Directions for this task: Pictures stay out of the output. Return exactly the lines below from the one with "Star Wars Lightsaber" down to the one with "2004 Ford F-250", both included, and nothing more.

Material for the task:
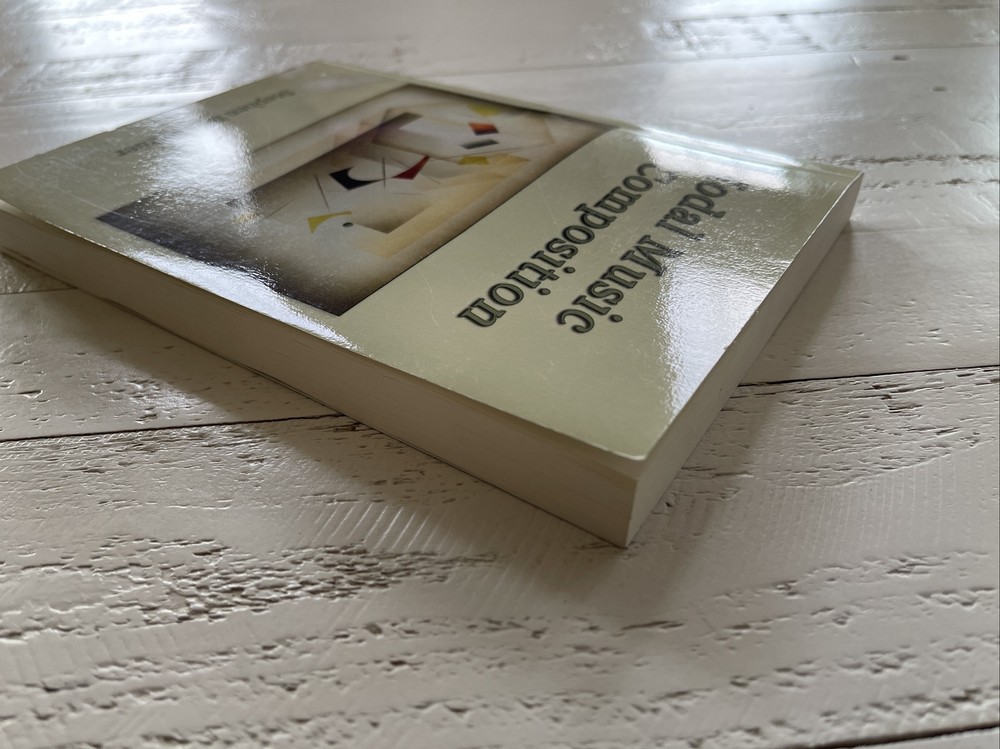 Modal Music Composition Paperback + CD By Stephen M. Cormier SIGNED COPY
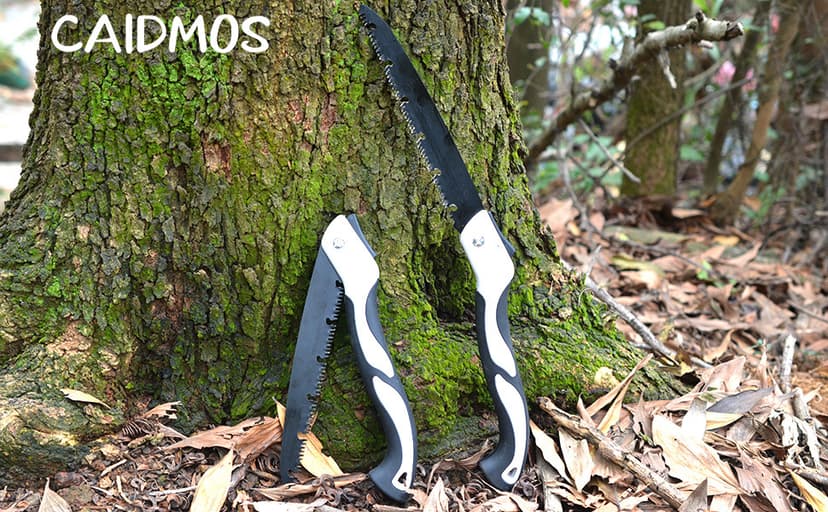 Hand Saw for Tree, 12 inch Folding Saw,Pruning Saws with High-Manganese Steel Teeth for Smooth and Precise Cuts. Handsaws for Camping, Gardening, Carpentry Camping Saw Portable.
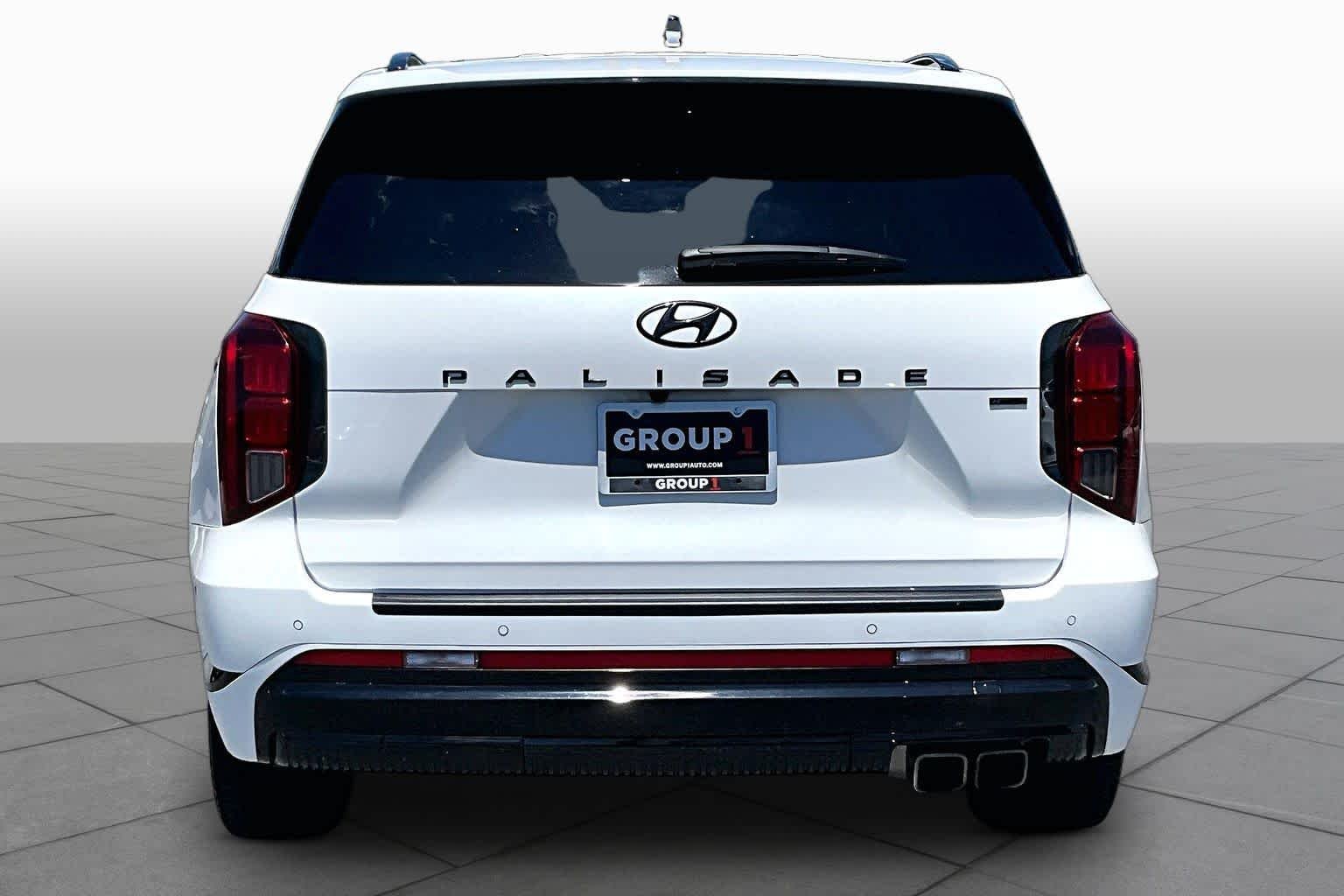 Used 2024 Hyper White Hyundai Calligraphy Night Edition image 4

* * *

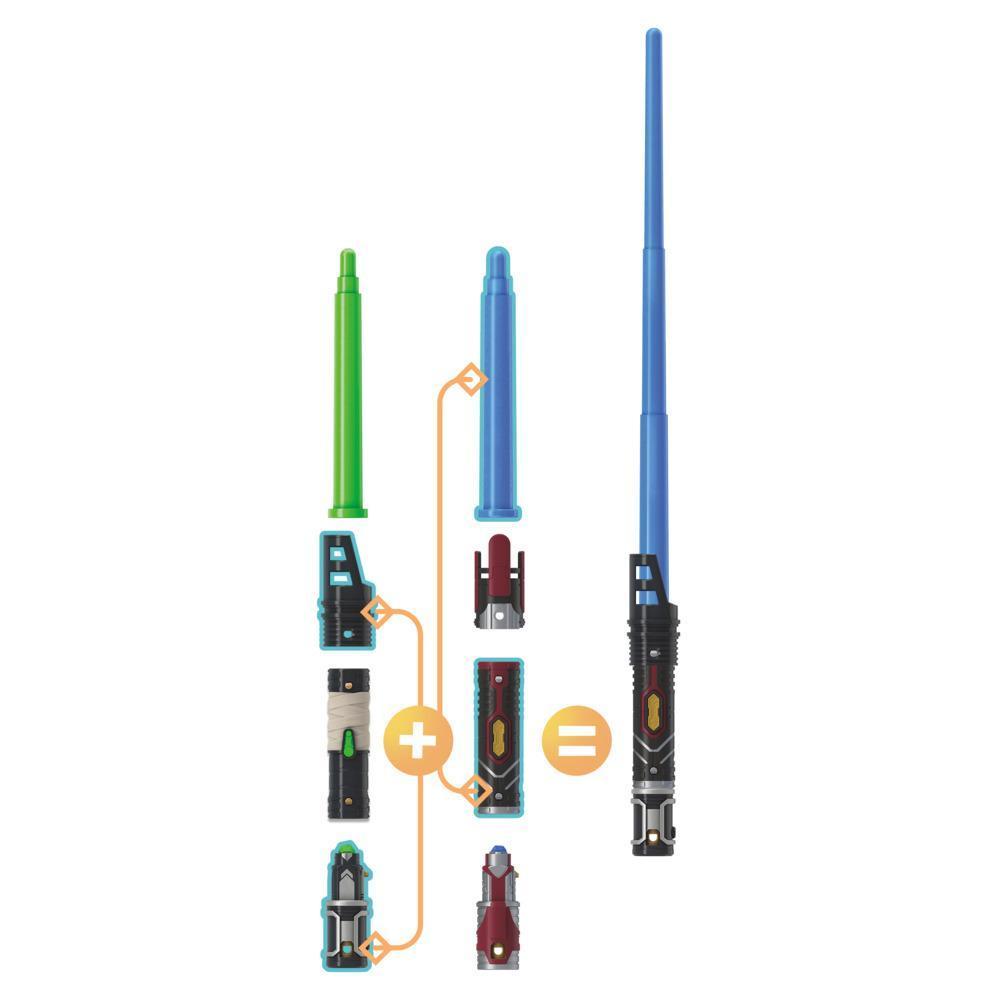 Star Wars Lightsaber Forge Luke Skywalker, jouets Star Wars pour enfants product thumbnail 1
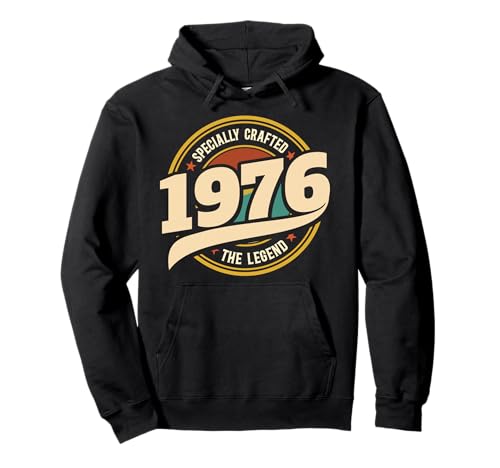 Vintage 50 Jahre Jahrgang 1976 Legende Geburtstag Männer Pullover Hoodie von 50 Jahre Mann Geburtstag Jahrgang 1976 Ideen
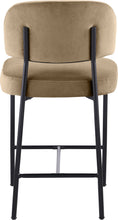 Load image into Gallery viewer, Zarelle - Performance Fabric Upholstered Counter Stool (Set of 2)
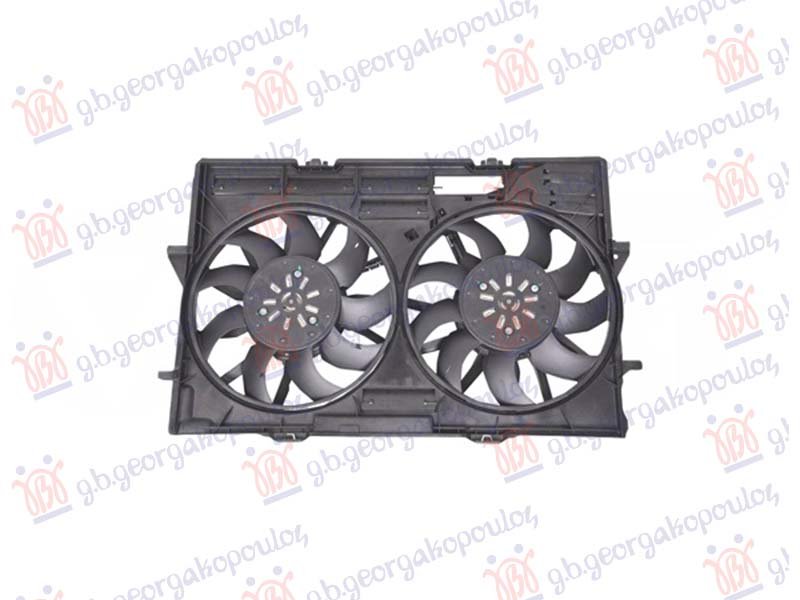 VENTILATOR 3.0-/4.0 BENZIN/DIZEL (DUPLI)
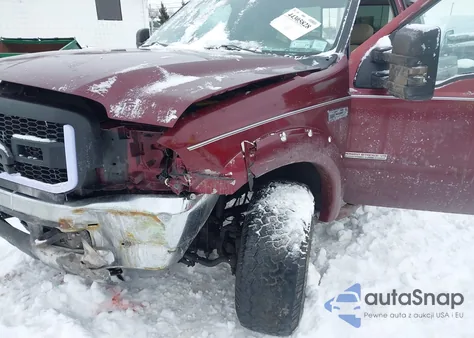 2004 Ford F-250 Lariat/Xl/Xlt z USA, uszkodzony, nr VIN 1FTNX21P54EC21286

Exercise output:
 Star Wars Lightsaber Forge Luke Skywalker, jouets Star Wars pour enfants product thumbnail 1
 Vintage 50 Jahre Jahrgang 1976 Legende Geburtstag Männer Pullover Hoodie von 50 Jahre Mann Geburtstag Jahrgang 1976 Ideen
 Load image into Gallery viewer, Zarelle - Performance Fabric Upholstered Counter Stool (Set of 2)
 VENTILATOR 3.0-/4.0 BENZIN/DIZEL (DUPLI)
 2004 Ford F-250 Lariat/Xl/Xlt z USA, uszkodzony, nr VIN 1FTNX21P54EC21286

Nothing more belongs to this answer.